Пишу это, чтоб оттенить июньскую идиллию в Дедове, когда осаждался лепет березок в ритмы поэмы, которая кроме шаржа приподымала всерьез близкую в те дни тему: «Как сердцу высказать себя? Другому, – как понять тебя?» Исконная немота Бореньки, «идиотика», плачущего о том, что нет раскрывающих душу слов, должна была утолиться вылитым в слово образом солнечного мужа-младенца, эти слова и обретшего, и произнесшего.

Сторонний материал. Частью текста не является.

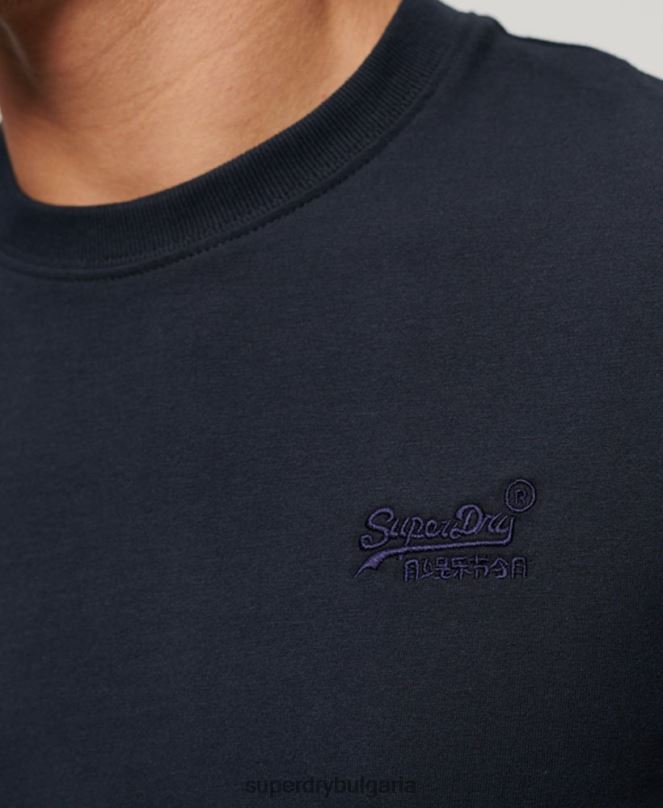 Superdry облекло N00H1462 военноморски флот мъже горнище с ретро лого от органичен памук, бродирано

Поэма пропадала дважды: в первый раз она выпала из телеги, на которой я ехал в Крюково; крестьянин, нашедший сверток, его мне принес; через два года опять поэма пропала: в дни, когда я хотел возвратиться к ней, как знак того, что слово, искавшее выраженья, – не будет произнесено, что «Боренька» в Андрее Белом будет сидеть и впредь не обретшим слов идиотиком.
С. М. Соловьев любил философствовать о психологии творчества; он мне повторял: «Твой Тромпетер, носящий белый мундир и враждующий с рыжебородым, – просто Том, зарычавший на сетера дяди Вити». Мы наблюдали однажды грызню белого понтера с рыжим сетером Коваленских; на следующий день я строчил про «рыжебородого» праотца, ведущего бой с «солнечным» лейтенантом. Сережа доказывал: внешний повод к писанию не адекватен сюжету; всякий пустяк – предлог к поджигу; пламя, вылетевшее из спички, продолжает питаться не ею, а бревнами горящего дома.
В июне казалось: тишина скопила энергию электричества, чтобы вспыхнула молния слов; оказалось: мы не высекли молнии; откуда-то она в нас ударила, расщепив ствол отношений, чтобы три жизни, как три раздельных сука со спаленными листьями, угрожающе протянули друг к другу свои коряги.
«Изменишь облик ты»
Душила жара; в первых числах июля мы тронулись в Крюково: под громыхавшие тучи; когда же садились в вагон, то ударил град: в окна; и – вспых:
– «Старый бог разгремелся», – смеялся Сережа.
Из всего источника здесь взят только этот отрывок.